Group 2 elements are known as alkaline earth metals. They have two valence electrons and are highly reactive. The thermal stability of hydroxides and sulphates of group 2 alkaline earth metals varies down the group. The thermal stability of a compound is its ability to resist decomposition or breakdown when exposed to heat.



The thermal stability of hydroxides of group 2 alkaline earth metals increases down the group. This can be explained by the increase in the size of the metal ion down the group. As the size of the metal ion increases, the strength of the metal-oxygen bond decreases. This means that it is easier for the metal-oxygen bond to break when exposed to heat. Therefore, the hydroxide compound becomes more thermally stable down the group.



The thermal stability of sulphates of group 2 alkaline earth metals also increases down the group. This can be explained by the same reason as for hydroxides. As the size of the metal ion increases down the group, the strength of the metal-oxygen bond decreases. This means that it is easier for the metal-oxygen bond to break when exposed to heat. Therefore, the sulphate compound becomes more thermally stable down the group.



There are some exceptions to the trend of increasing thermal stability down the group. For example, magnesium hydroxide is more thermally stable than calcium hydroxide. This is because magnesium hydroxide has a smaller size and a higher charge density than calcium hydroxide.
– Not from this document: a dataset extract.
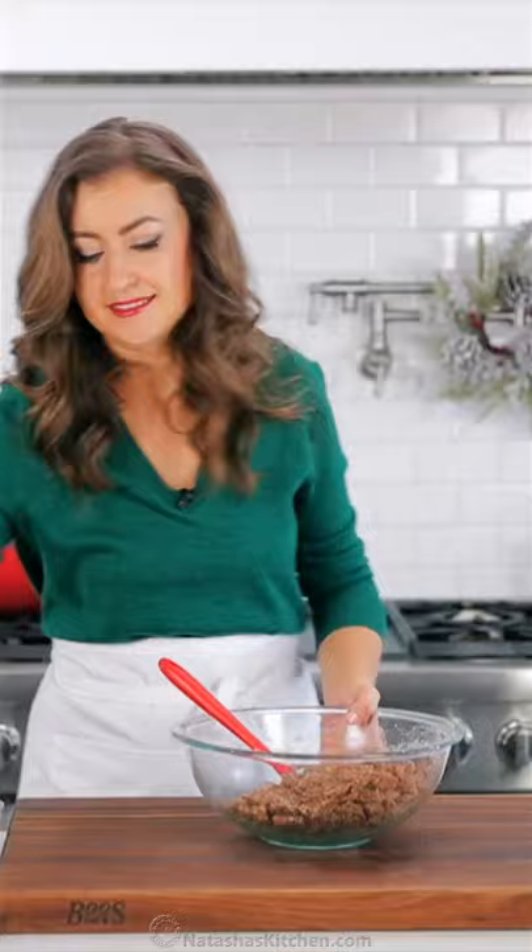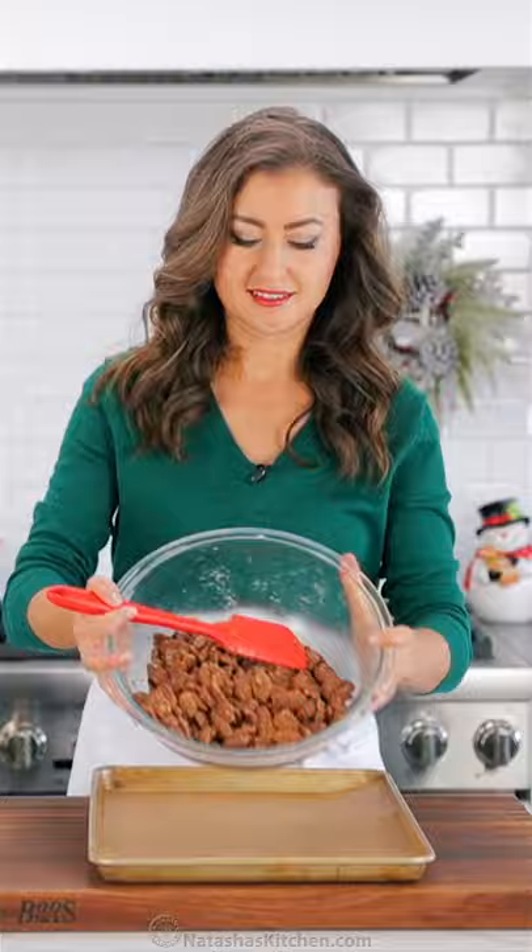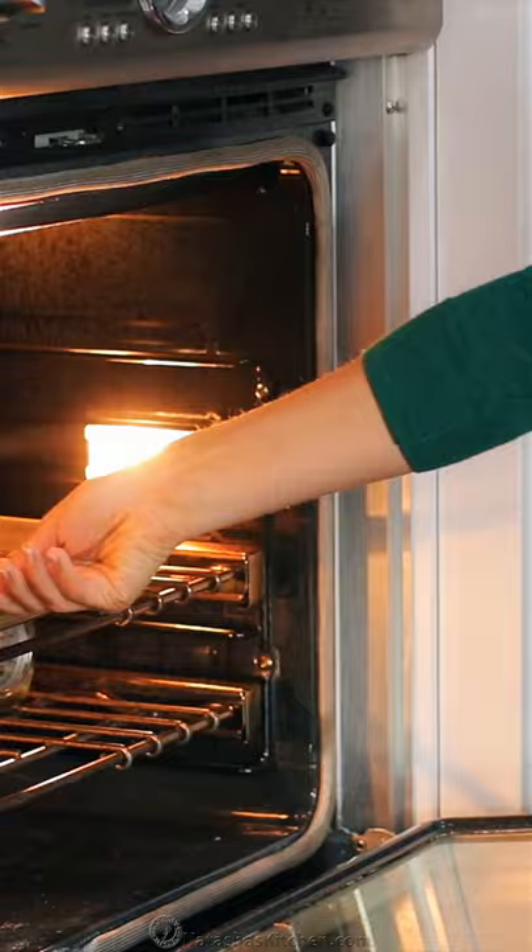Transfer the pecans to a parchment lined baking sheet and spread them out evenly into a single layer. Bake those for one hour at 250 degrees Fahrenheit in the middle of your oven and stir every 20 minutes.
This means that the metal-oxygen bond in magnesium hydroxide is stronger than in calcium hydroxide, making magnesium hydroxide more thermally stable. Similarly, calcium sulphate is more thermally stable than strontium sulphate and barium sulphate. This is because calcium sulphate has a smaller size and a higher charge density than strontium sulphate and barium sulphate, making it more thermally stable.



In conclusion, the thermal stability of hydroxides and sulphates of group 2 alkaline earth metals increases down the group due to the increase in the size of the metal ion. However, there are exceptions to this trend, which can be explained by the size and charge density of the metal ion.